A. Program Implementation at Owen Elementary School

We have been nudging and supporting our partner schools for some time to give children more explicit help in exploring careers. At the Fall 1998 meeting of the Southeastern Michigan Math-Science Learning Coalition, hosted by the Detroit office of Wayne County 4-H Extension Service, we all became aware of the terrific materials already developed by 4-H. Combining these curricular materials with the human capital we have built up for career presentations, tours, and job shadowing seemed like a natural marriage.

In spring 1999, Owen School paid coordinator Debbie Shoemaker, a Pontiac Public Schools parent, to run a Career Club in collaboration with Oakland County 4-H and with Learning Community Coordinator Susie. Susie helped with planning and materials; Debbie supervised two clubs of ten children, each meeting twice a week for about 12 weeks. They explored some 30 possible careers, including two in-person presentations, one tour, and two job shadowing experiences.

The students visited a home-based glassblowing business to see a demonstration and to talk about starting one's own business. A cartoonist came and talked about how he got into it as a sixteen-year-old by taking his drawings to the editor of the Oakland Press, where he is still published every week. He is in college right now studying engineering, so he could share how one dream can be used to support another (and how one is not stuck for life in the first career track chosen). Students, along with their parents, went to City Hall and were able to participate in the live taping of a Substandard Housing Hearing involving the city council. (Susie Shoemaker is also a City Councilwoman.) They were able to ask questions, to run the cameras, and to learn what an administrator for cable television does. They were fascinated and stayed a lot longer than expected.
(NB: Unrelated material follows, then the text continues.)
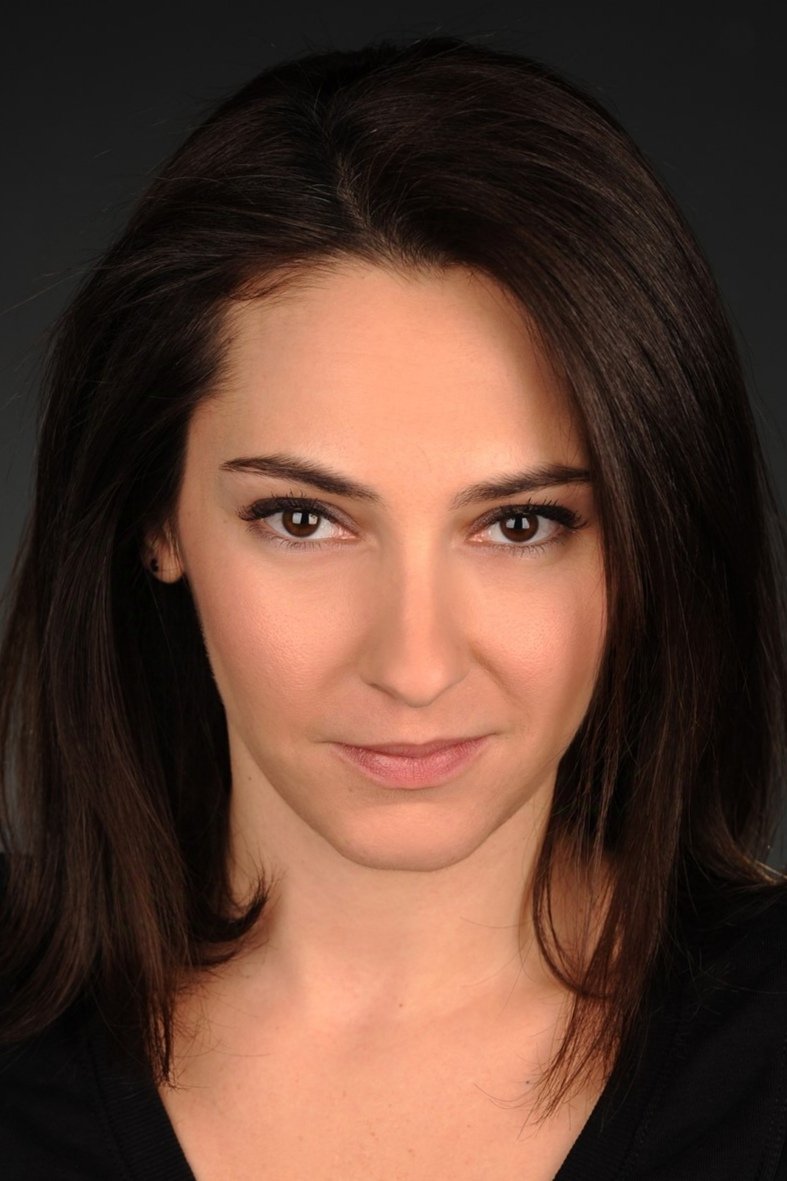 Foto de Yeliz Başlangıç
Finally, club members—joined by the technology club—toured the television studio of UPN-50. They were able to see a video on the studio itself and to walk through the studios where different shows are taped. Meteorologist Jim Madaus spoke about his career and what he does in weather reporting. Students thought it was cool to know his office is located right in the news studio so that, at any given moment, he can go right on the air to broadcast an emergency weather report. The students were extremely well behaved and asked a lot of great questions.

During fall 1998, Susie had planned the Careers Theme Week. Theme weeks were the intersessions during the year-round schedule that Owen used until the end of the 1998-99 school year. First through fifth grades went to City Hall and to the 50th District Court. Students experienced a mock trial with the Chief District Judge Leo Bowman. The students learned about the three branches of government at City Hall with Mayor Walter Moore, Councilwoman Shoemaker, and Judge-elect Preston Thomas, and they toured City Hall. The fire department shared fire safety and explained their job to the K-2 grades. The 4-5 grades learned about Pontiac Landfill through a presentation done by Director Claudia Filler. Students went to the landfill that afternoon and learned about composting.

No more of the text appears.